■ The data
=== Section Start ===

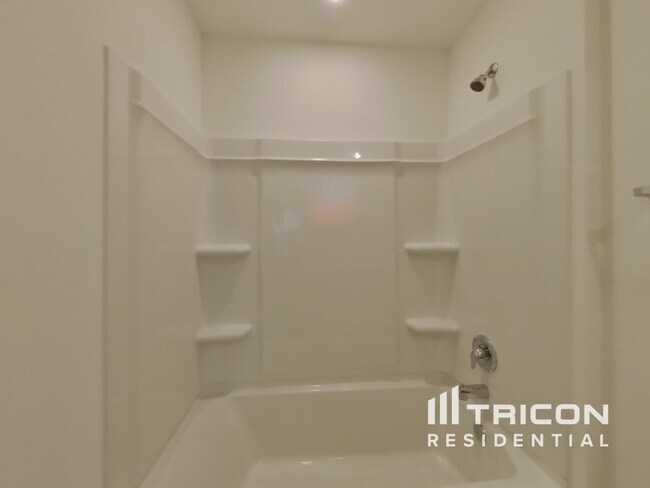 Building Photo - 3060 Dawn Sound Dr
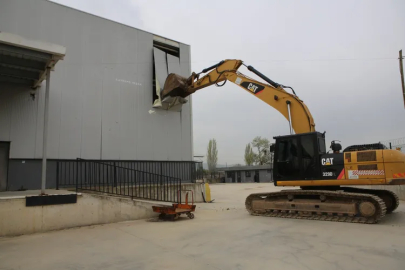 Nilüfer’de 4 bin metrekarelik kaçak depo yıkıldı!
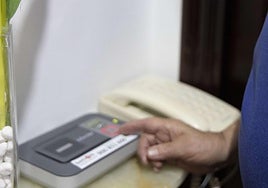 Una persona se dispone a llamar al servicio de BetiON.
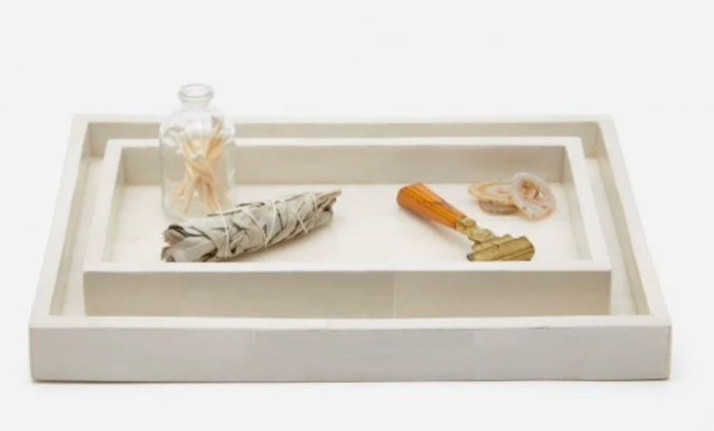 BATH COLLECTION WHITE FAUX HORN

=== Section End ===

■ Task to carry out
Leave out the pictures and copy the rest of the material above exactly.

■ Written response
 Building Photo - 3060 Dawn Sound Dr
 Nilüfer’de 4 bin metrekarelik kaçak depo yıkıldı!
 Una persona se dispone a llamar al servicio de BetiON.
 BATH COLLECTION WHITE FAUX HORN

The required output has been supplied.